The pathogenesis of Zuska’s disease involves squamous metaplasia of the cuboidal epithelium lining the lactiferous ducts. The squamous lining produces large amounts of keratin that obstructs and dilates the ducts, leading to acute inflammatory infiltrates and cellular debris. These ducts become secondarily infected as a result of stasis and bacterial invasion, which leads to abscess formation. The abscess may drain spontaneously and can develop into a periareolar cutaneous fistula.[8] According to one retrospective study conducted by Fu et al., 25-40% of patients with Zuska’s disease develop recurrent abscesses and 33% demonstrate cutaneous fistula formation.[9] In our cases, two-fourth of the patients presented with recurrent abscesses following drainage treatment.

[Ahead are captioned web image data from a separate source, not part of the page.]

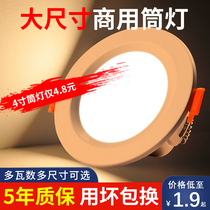 4 inch Downlight led embedded ultra-thin 3 inch 9 Watt hole 5cm 10CM6 inch 12 15W hole light ceiling spotlight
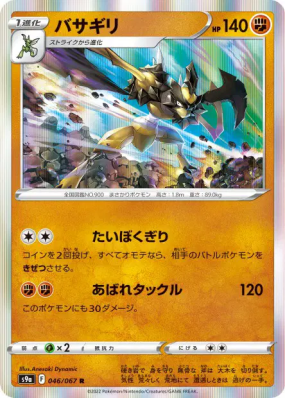 Hachécateur 046/067 — Battle Region — Carte Pokémon Japonaise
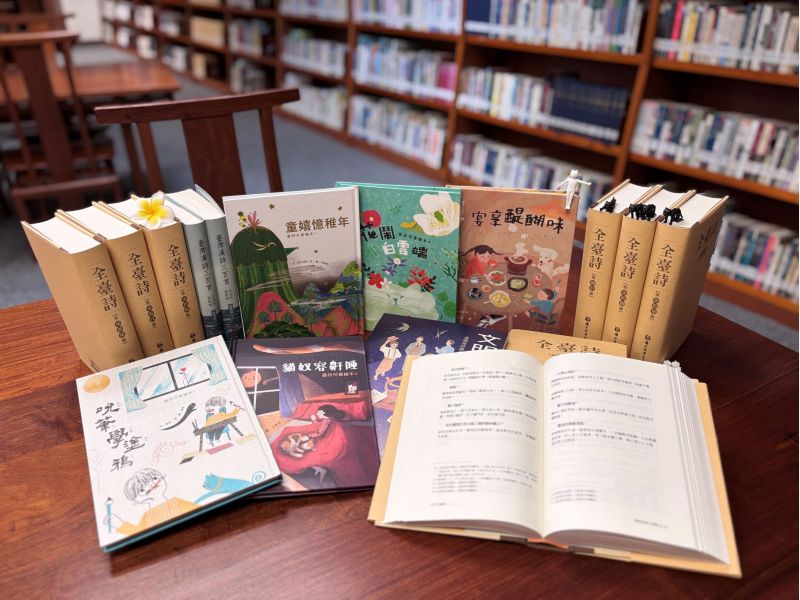 「臺灣漢詩繪讀本推廣活動」結合臺文館歷年研究及出版成果，含《全臺詩》、《臺灣漢詩三百首》與《貓奴容鼾睡》、《宴享醍醐味》等繪讀本。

Several hypotheses have been suggested to explain the cause of squamous metaplasia, including a congenital anomaly of the lactiferous ducts, a complication of comedomastitis, nipple retraction, and a relative state of vitamin A deficiency.[5]

Patients with diabetes mellitus, HIV infection, or those on immunosuppression therapy are at increased risk for developing breast infections. Diabetes mellitus is strongly associated with breast abscesses in nonlactating women. Tobacco smoking is associated with the development of primary abscess including subareolar abscess, and smokers are more likely to develop recurrent episodes. Smoking is thought to have a direct toxic effect on the retroareolar ductal epithelium or an indirect effect via the hormonal stimulation of breast secretion, thus predisposing to Zuska’s disease. Also, the plasma levels of β-carotene (Vitamin A precursor) are lower among smokers explaining why squamous metaplasia occurs more frequently.[5] Among our cases, two patients reported tobacco use.

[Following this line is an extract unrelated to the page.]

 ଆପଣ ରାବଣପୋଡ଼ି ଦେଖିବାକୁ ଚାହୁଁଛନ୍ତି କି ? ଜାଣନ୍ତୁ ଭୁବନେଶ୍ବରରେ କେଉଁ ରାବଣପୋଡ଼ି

Other risk factors for abscess development include nipple piercing, hair removal from the areola, and nipple cracks or fissures.[5]

It may be difficult to distinguish between mastitis and a breast abscess clinically. Once a breast mass or area of tenderness is noted it is recommended to perform an ultrasound. An abscess appears as a hypoechoic collection of varying sizes and shapes, usually multiloculated, with a thick peripheral echogenic area of increased vascularity. In contrast, mastitis presents with an ill-defined area of altered echotexture, increased echogenicity in the fat lobules, hypoechoic areas in the glands, and skin thickening [Table 2].[2], [6], [9], [10] In our cases, ultrasound findings were indicative of breast abscess.

Table 2

Imaging features of Zuska’s disease

Imaging Modality

Imaging Findings

Based on references[2],[6],[9],[10]

Mammogram

Irregular mass, focal asymmetric density, diffuse asymmetric density, circumscribed mass, and architectural distortion, skin thickening (diffuse or focal)

Ultrasound

Well-circumscribed masses or irregular lesions, with poor heterogeneous internal echoes; in some cases, fine fistulous tracts can be identified; skin thickening is a very common associated finding.

CT

Most of the breast lesions detected under this modality are incidental, since CT is not commonly used as a breast imaging modality. Imaging can show abnormal retroareolar density, irregular mass with architectural distortion, nipple inversion and skin thickening.

MRI

Irregular mass, inverted nipples, abscess cavities and fistulas. Findings on unenhanced T1-weighted images are nonspecific, while postcontrast T, images showed irregular heterogeneous enhancing areas consistent with a subareolar collection, with a benign type curve of progressive enhancement pattern. The role of kinetics on MRI is an important tool in the differential diagnosis of benign and suspicious lesions in patients with Zuska’s.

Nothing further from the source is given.